Familiar elementary school hallmarks include colorful playgrounds with pint-sized equipment, cheerful artwork displayed on the walls and understanding teachers that patiently offer hugs and encouragement as well as grades. Another defining aspect of the elementary school experience is the existence of a parent teacher group. Whether your school has an active PTO (Parent Teacher Organization) or PTA (Parent Teacher Association and yes, there is a difference), you should think about lending your support whenever possible.
What does a PTO or PTA do? Simply put, a school’s parent/teacher group is formed to build a bridge between what is going on at the school and the parents who want to help in some way. Many programs often exist within the PTO or PTA but one of the main objectives is to raise money for the school. These dollars almost always benefit the school directly. In fact, many parent/teacher groups raise enough money to help teachers buy supplies for their classrooms, in addition to funding larger projects like technology acquisitions and field trip fees.
Schools are often handed the unpleasant task of managing budget cuts, and parent/teacher groups can sometimes come to the rescue. PTO Today, an online PTO/PTA resource center, surveyed 598 PTA /PTO leaders in 2013. Interestingly, 54 percent of those leaders reported that their schools had increased their requests for financial support from just the year before.
As a teacher, you may be wondering about the best ways to support your school’s PTO or PTA. Check out these ideas that will lend a hand without requiring a large amount of time:
- Volunteer at one or two PTO/PTA events. Usually a parent/teacher group will throw at least one major fundraising event per year. Carnivals, Walk-A-Thons and Silent Auctions are common and the volunteers in charge of these efforts often need lots of help. Offer to work at a game booth or concession stand and your time (which will probably be just a few hours) will be greatly appreciated.

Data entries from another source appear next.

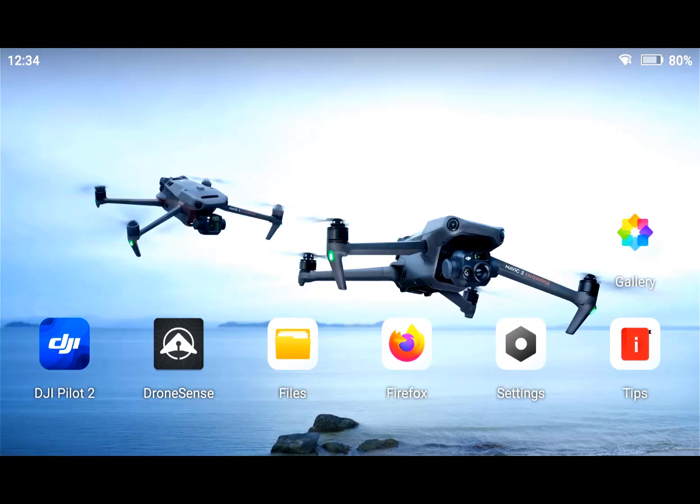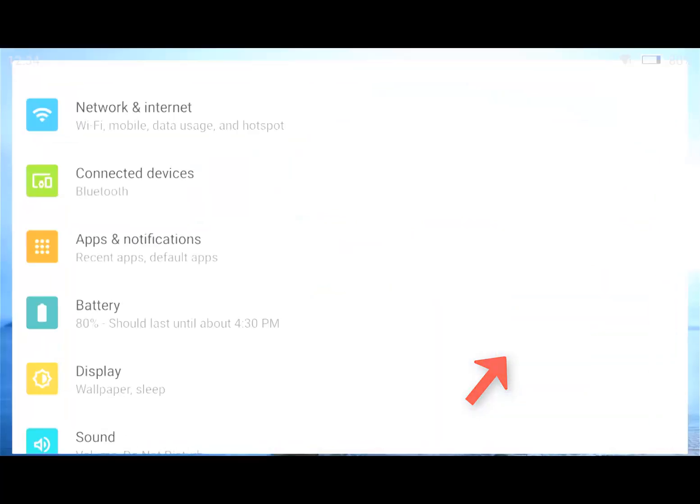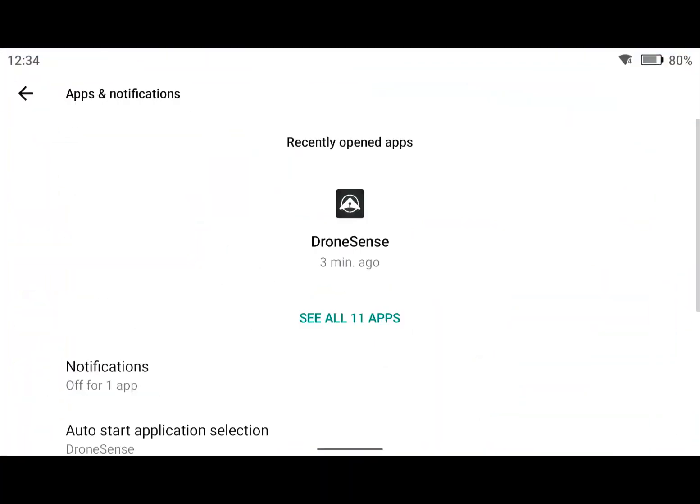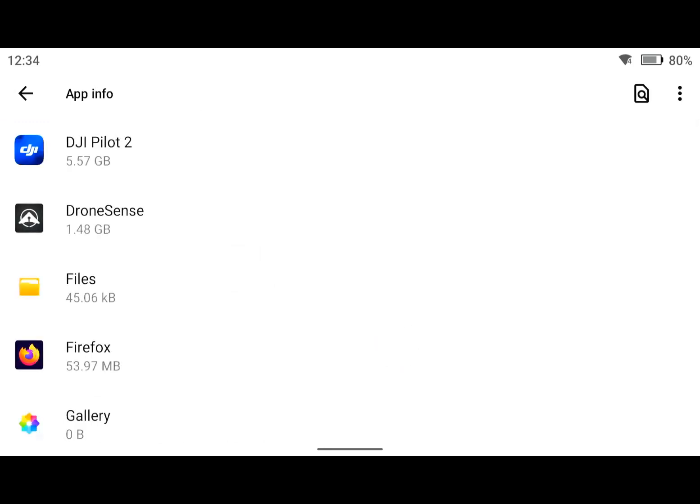As you can see, I am in the smart controller interface. This is the RC Pro for the Mavic 3. I'm going to go into settings, scroll to apps and notifications, and see all 11 apps.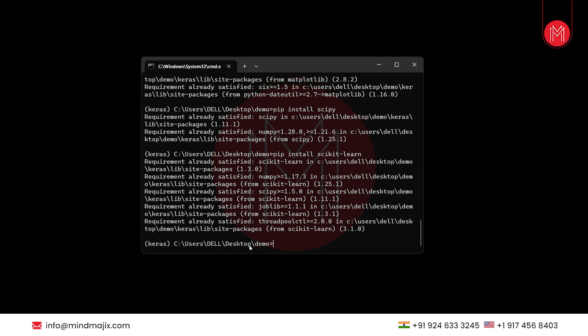Now, as we have installed all the dependent libraries, we can now install Keras. In order to install Keras, we will use the command pip install Keras.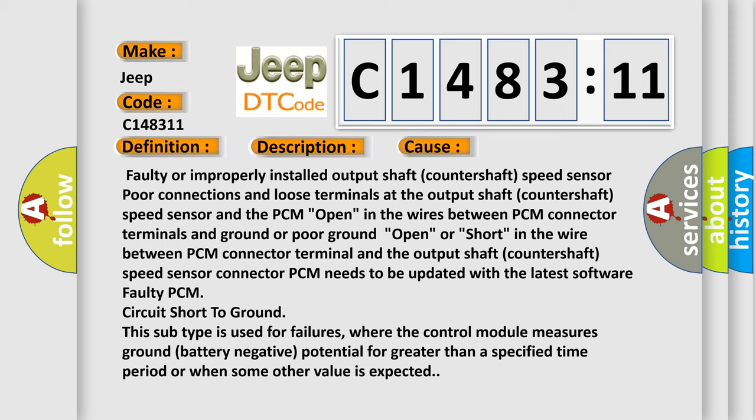Open or short in the wire between PCM connector terminal and the output shaft countershaft speed sensor connector, PCM needs to be updated with the latest software. The software faulty PCM circuit — circuit short to ground — this subtype is used for failures where the control module measures ground battery negative potential for greater than a specified time period, or when some other value is expected.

- Allow your classroom to be used for meetings or after-school clubs. Take it one step further by finding out who the parent group leader is and then volunteer your room before being asked. A parent volunteer will likely be relieved to have an asset like a classroom offered up without having to put in a request. Make sure to emphasize that your classroom should remain in the exact condition you left it in, and it’s a good idea to hang a sign or two around the room with a friendly reminder to that effect.
- Try to attend a few PTO/PTA meetings throughout the year. Parent/teacher group meetings often have low attendance rates. Showing up at just one or two meetings will be noticeable and is an easy way to let the volunteers know that teachers are interested in the group’s efforts.
Parent/teacher groups are often able to provide amazing benefits, but they rely heavily on volunteers’ time and generosity. Consider donating your time, even if it’s just an hour or two. Your efforts will certainly make a difference.